◆ **About this exercise**
There should be no pictures in your answer, only an exact copy of the lines from the one with "Tee Size Small" through the end of the material.

--------------------

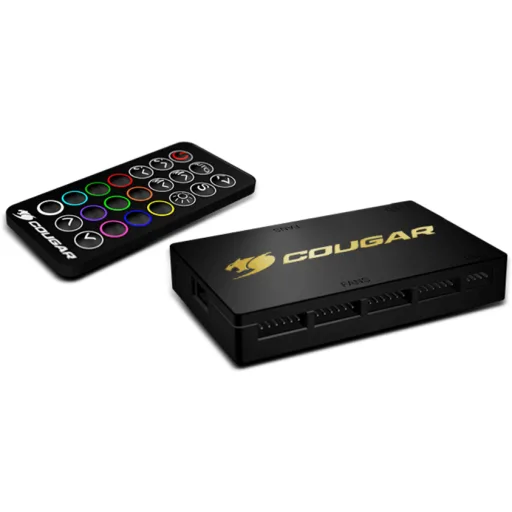 Imagen 7 de COUGAR VORTEX RGB SPB 120 - Kit de ventilador de armario del sistema - 120 mm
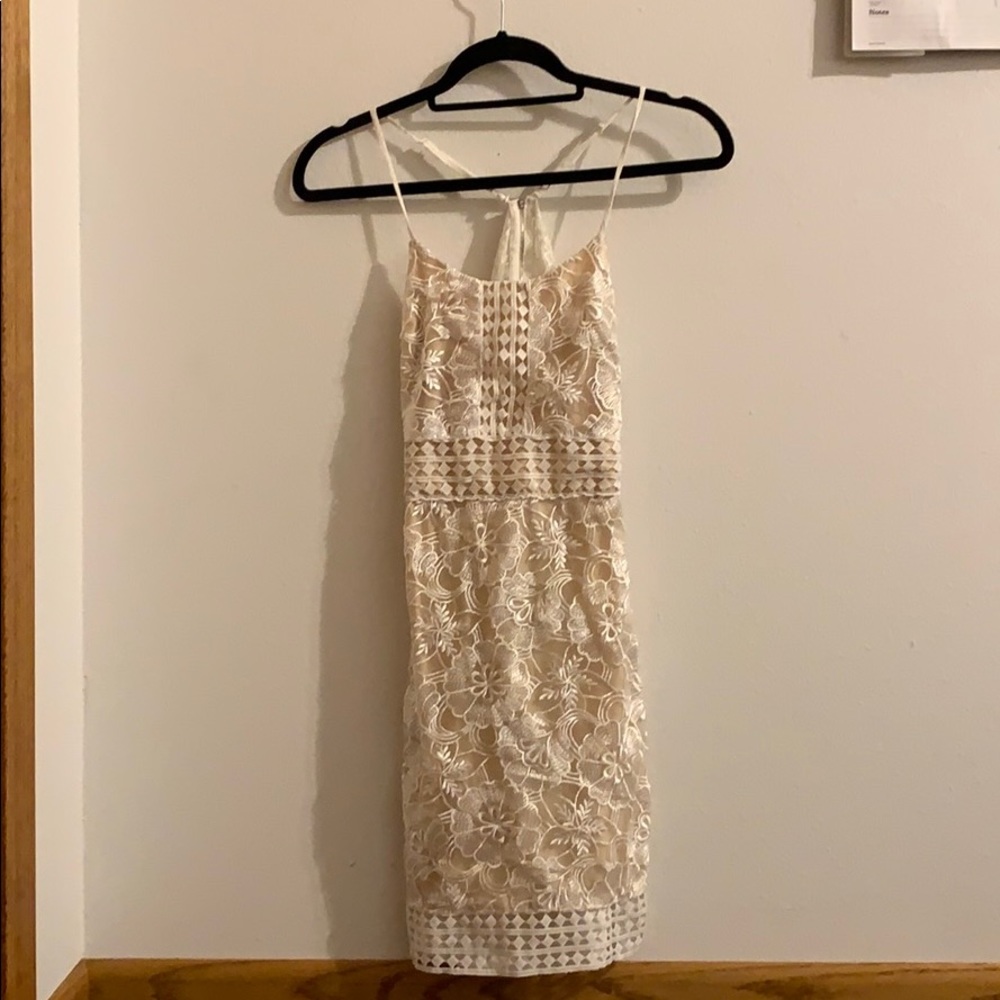 Beautiful white dress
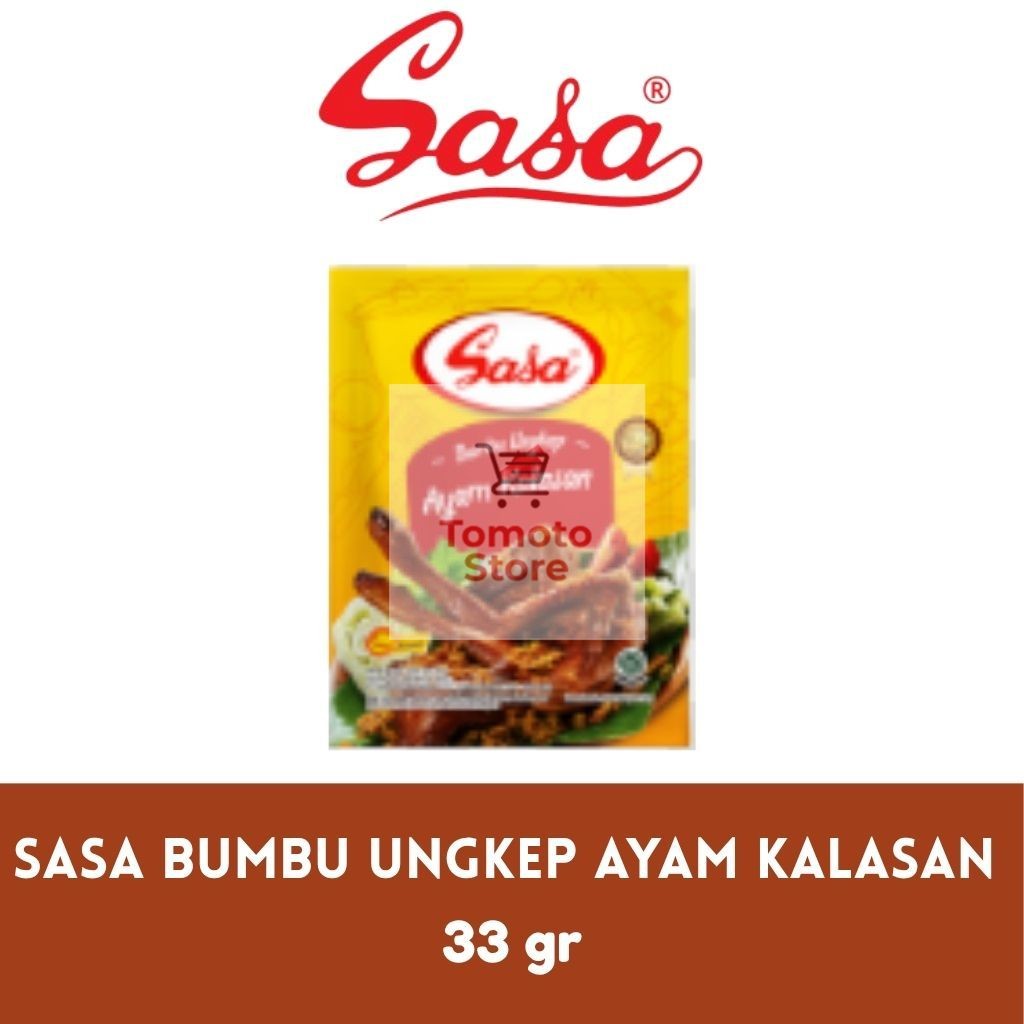 

✨ TOMOTOSTORE ✨ SASA Bumbu Ungkep Ayam Kalasan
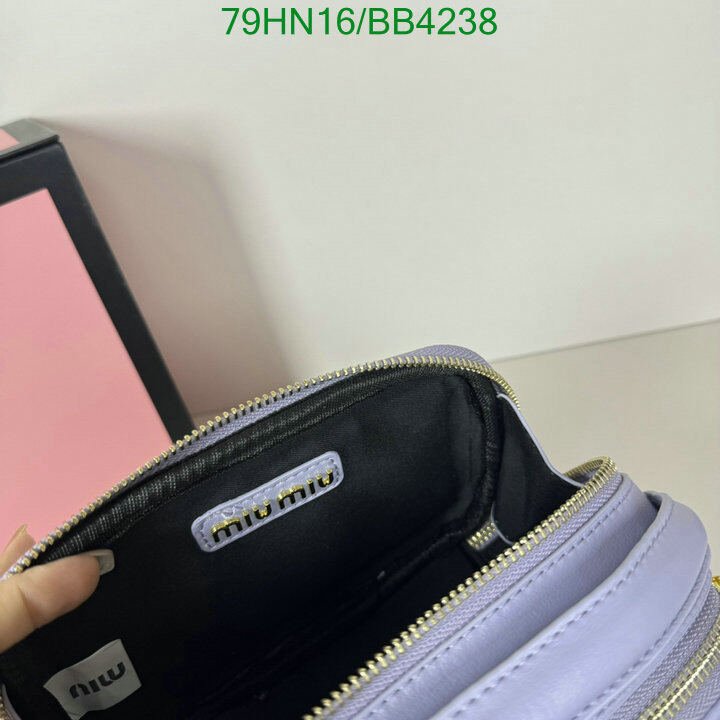 Miu Miu Bag-(4A)-Diagonal- Code: BB4238 $ 103USD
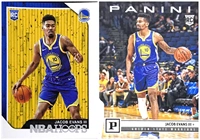 [IR] Звездная карта NBA Panini Jacob Evans Warrior.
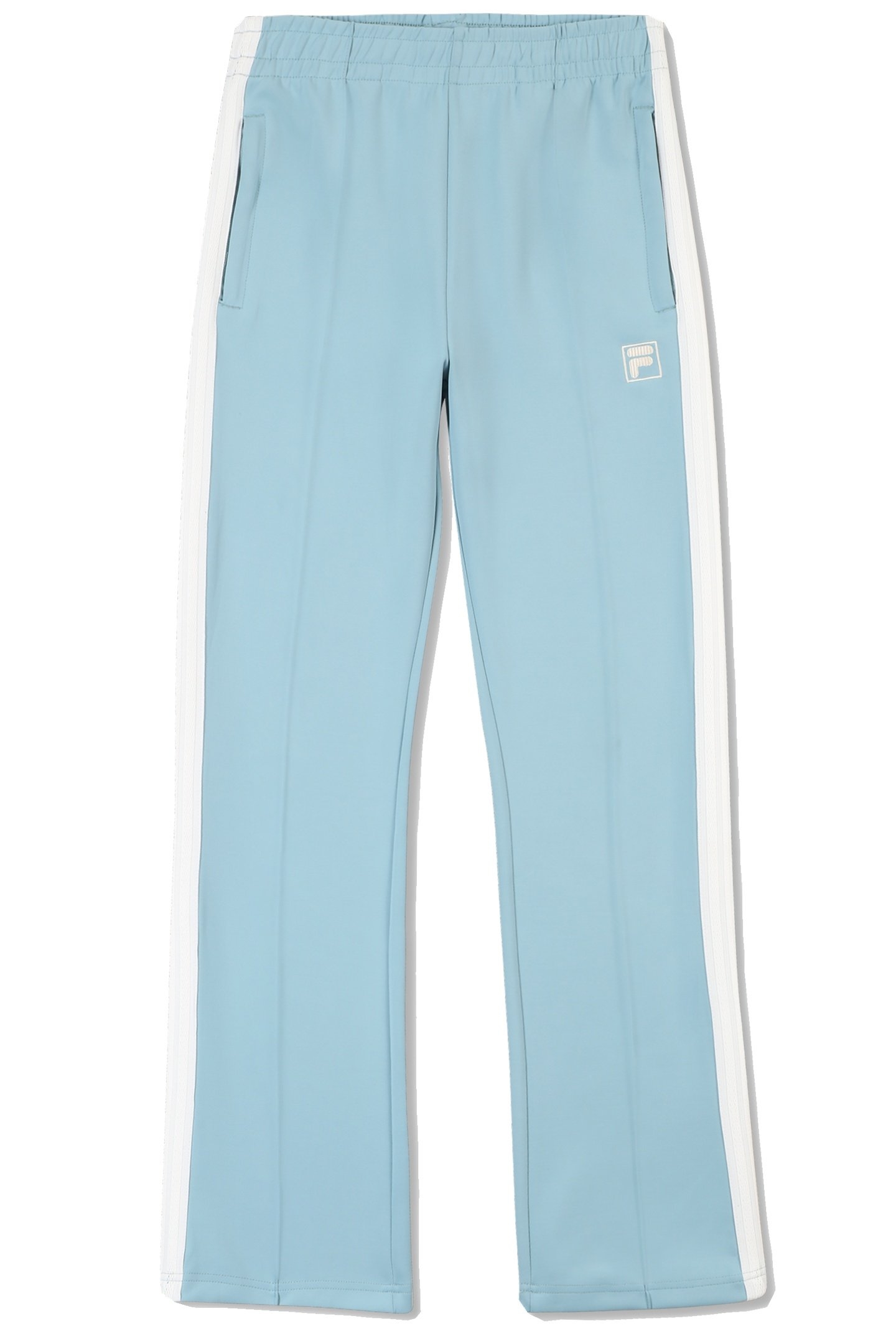 COMO REGULAR TAPED TRACK PANTS TOURMALINE 5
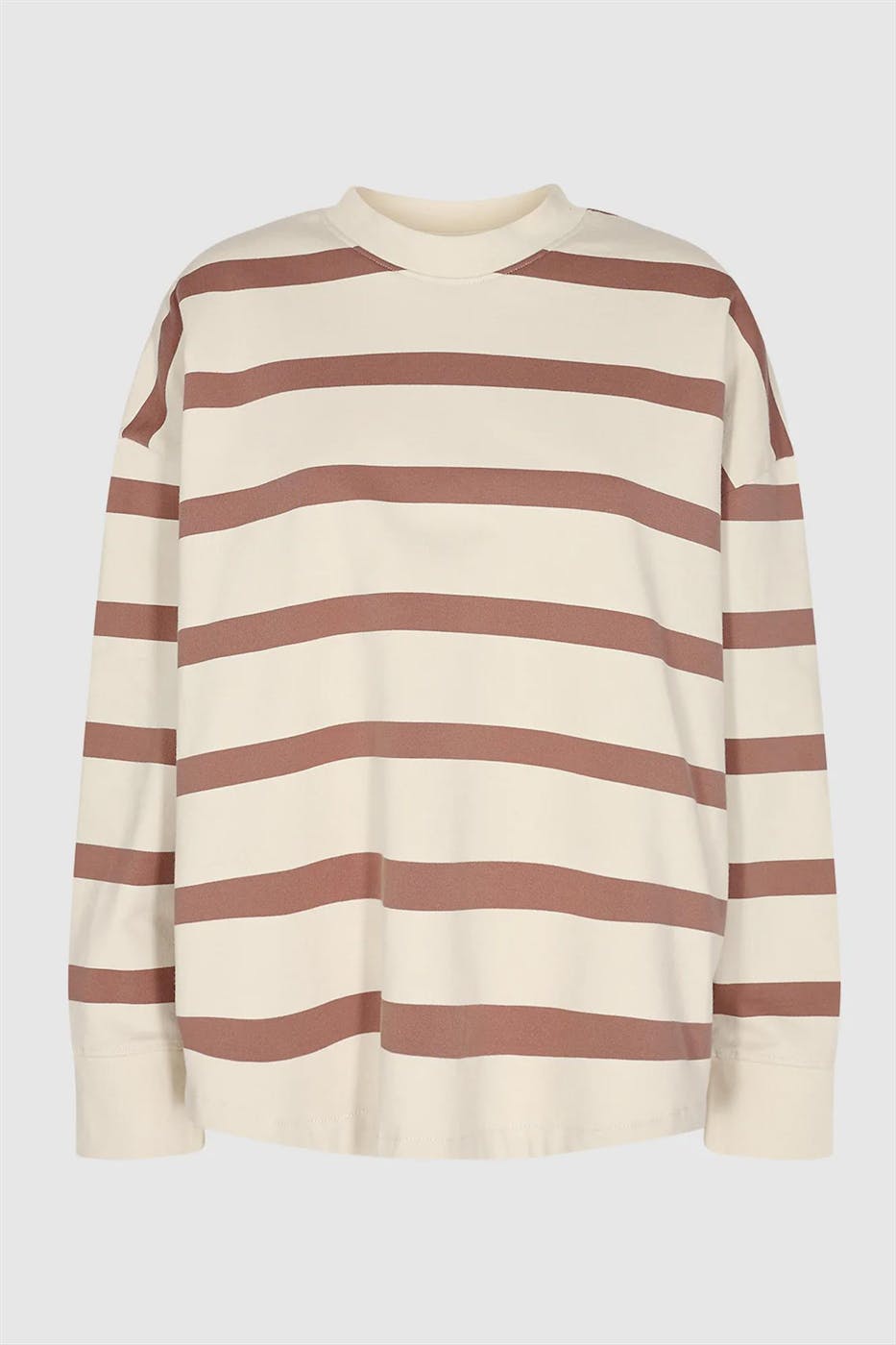 Minimum - Beige-bruine Mynie sweater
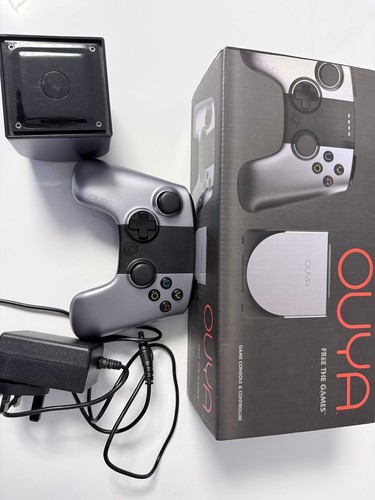 Ouya game console with - ouya,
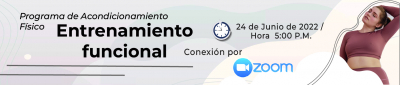 Programa de Acondicionamiento Físico - Entrenamiento funcional 
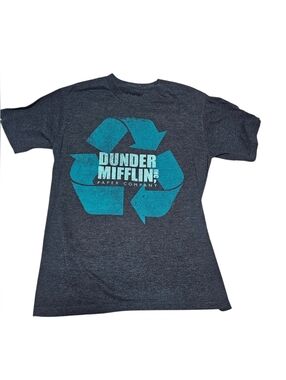 Dunder Mifflin "The Office" Vintage Style Graphic Tee Size Small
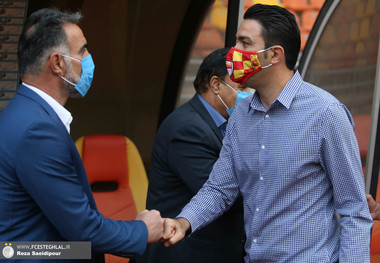 بازیکنی که از فحاشی محمود فکری شوکه شد!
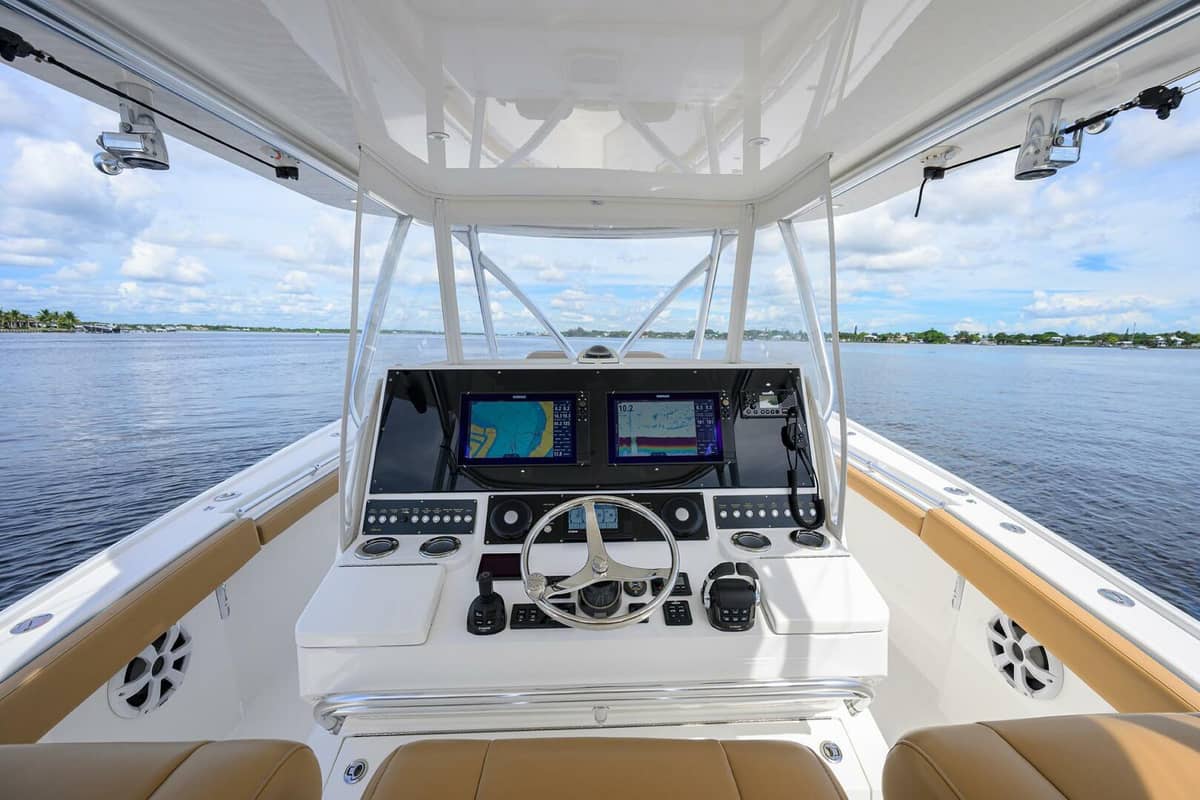 2018 Buddy Davis 42 Center Console "Tales N Ales" photo 13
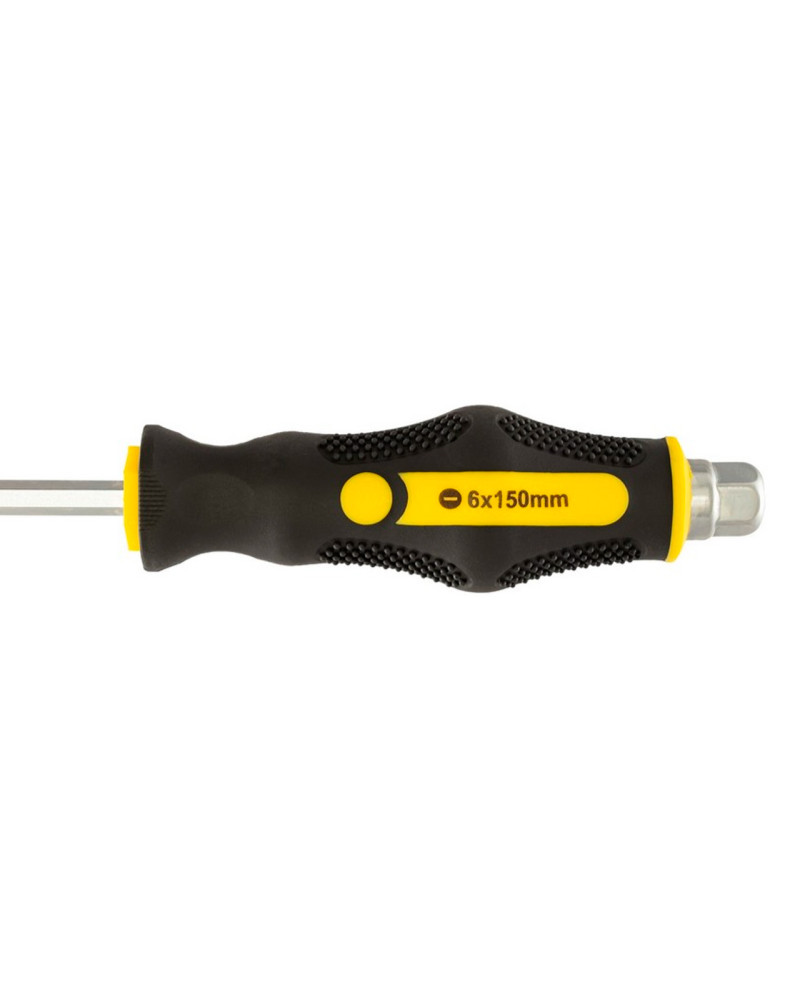 Викрутка ударна Mastertool - SL6 x 150мм HEX (49-6615)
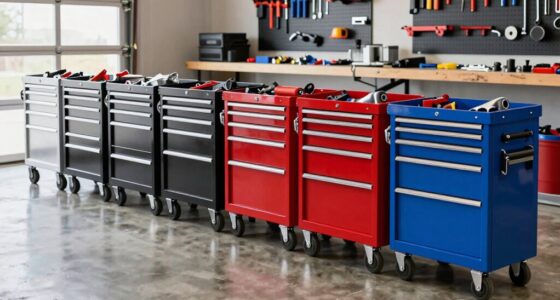 top garage tool storage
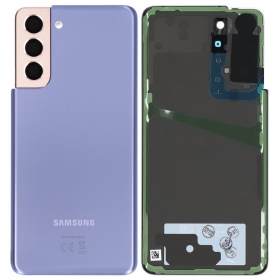 Samsung Galaxy S21 5G bakdeksel (lilla) (originalt)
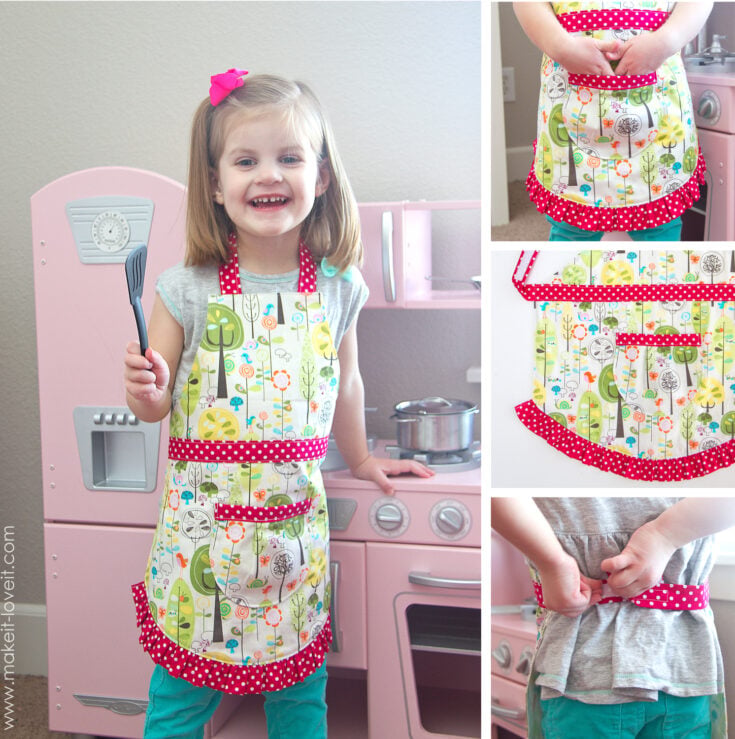 The ruffle apron pdf pattern (for elli and chloe)….plus a giveaway!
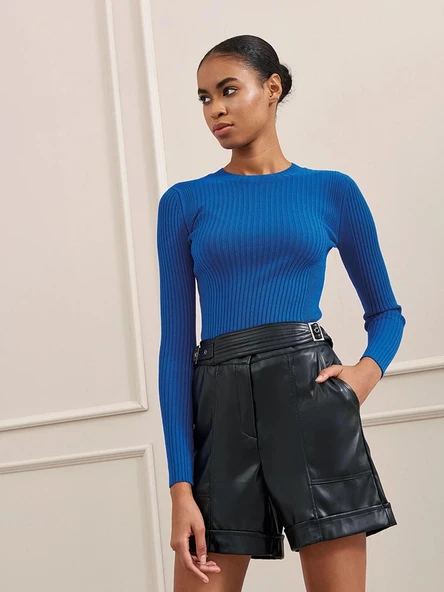 DERİ ŞORT - Resim 2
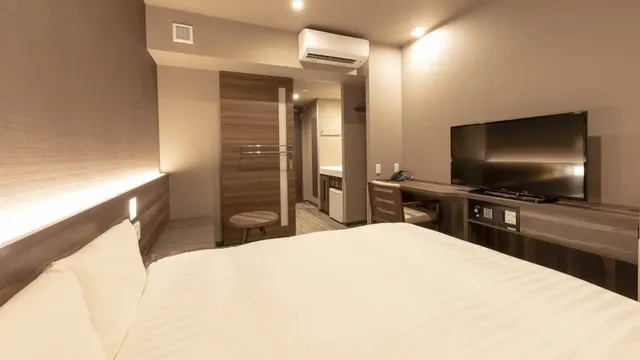 Dormy Inn Fukui (Tennen Onsen Habutae no Yu Dormy Inn Fukui)-Queen room-2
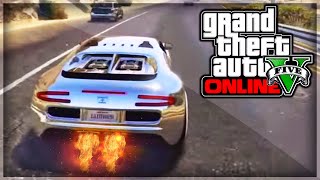 Comment Aller Plus Vite en Voiture sur GTA 5 Online [upl. by Broderic160]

--------------------

◆ **Solution for this task**
 Dunder Mifflin "The Office" Vintage Style Graphic Tee Size Small
 بازیکنی که از فحاشی محمود فکری شوکه شد!
 2018 Buddy Davis 42 Center Console "Tales N Ales" photo 13
 Викрутка ударна Mastertool - SL6 x 150мм HEX (49-6615)
 top garage tool storage
 Samsung Galaxy S21 5G bakdeksel (lilla) (originalt)
 The ruffle apron pdf pattern (for elli and chloe)….plus a giveaway!
 DERİ ŞORT - Resim 2
 Dormy Inn Fukui (Tennen Onsen Habutae no Yu Dormy Inn Fukui)-Queen room-2
 Comment Aller Plus Vite en Voiture sur GTA 5 Online [upl. by Broderic160]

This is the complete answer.